Within the large zip code of Derwood Maryland, and the even larger arena of Rockville and the greater Montgomery County, was once a small community called Avery. On what is now known as Avery Road around the cross streets of Dimes Road and Southlawn Lane was the aforementioned community. Ask the locals of what exists from this former period of a forgotten community and the answer is nothing. But what of this is true?

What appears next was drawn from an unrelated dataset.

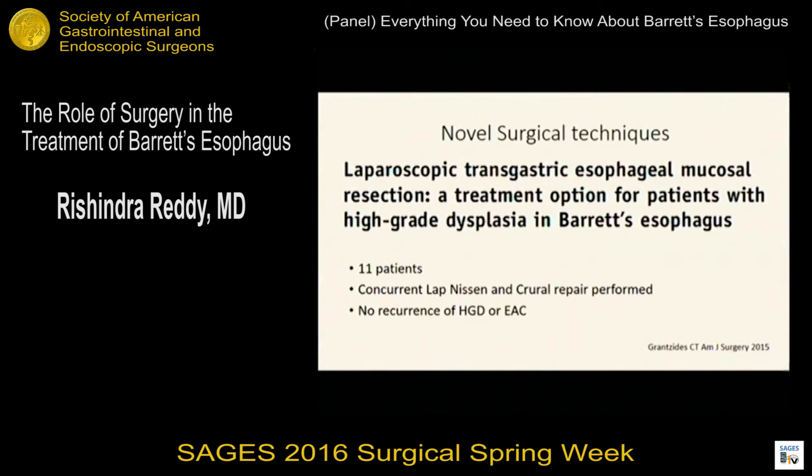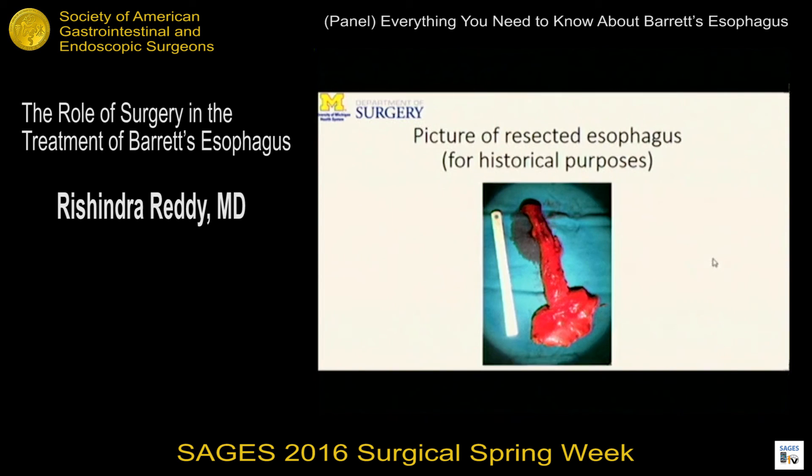Lastly, there are novel surgical techniques. There's an article from Rush describing a laparoscopic transgastric esophageal mucosal resection — 11 patients who had both a laparoscopic Nissen and crural repair with a transgastric resection of their Barrett's mucosa. I was just at a meeting where a thoracic surgeon presented similar data doing a similar approach, which we all thought was absolutely crazy, but clearly there's some novel work going on. I'm not advocating for this, just to be aware that at least two centers are doing it. Given the state of today's talks, I'm not sure how much more esophagectomy we'll be doing for Barrett's, but mainly for the trainees — so you know what an esophagus looks like after it's been cut out. Thank you.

At the “T” of Avery Road and Southlawn Lane is a small one-story, one-room edifice. This is what some might remember as “the Old Methodist Church”. The unpainted wood-frame building is clad in “German” siding and sits on a stone foundation. The building is very rudimentary with very few details. It has essentially been left to ruin as there are even holes in the roof, no doors on the front and/or south side entrances, and no windows except for that of the transom over the front door. When the Free Methodist Church, now of Rockville, Maryland, left the rural community of Avery, they also left this tiny building.
Within the community of Avery was a small African American population that resided in houses on Dimes Road. The Free Methodist Church was an offshoot of the general Methodist sect that opposed slavery, which evident given its date of origin—1860 in Illinios and western New York State. The denomination also promoted a mixed congregation, and it was most likely the case within the walls of this particular church.
While we deplore the state of the building, at least they keep the trash in the back.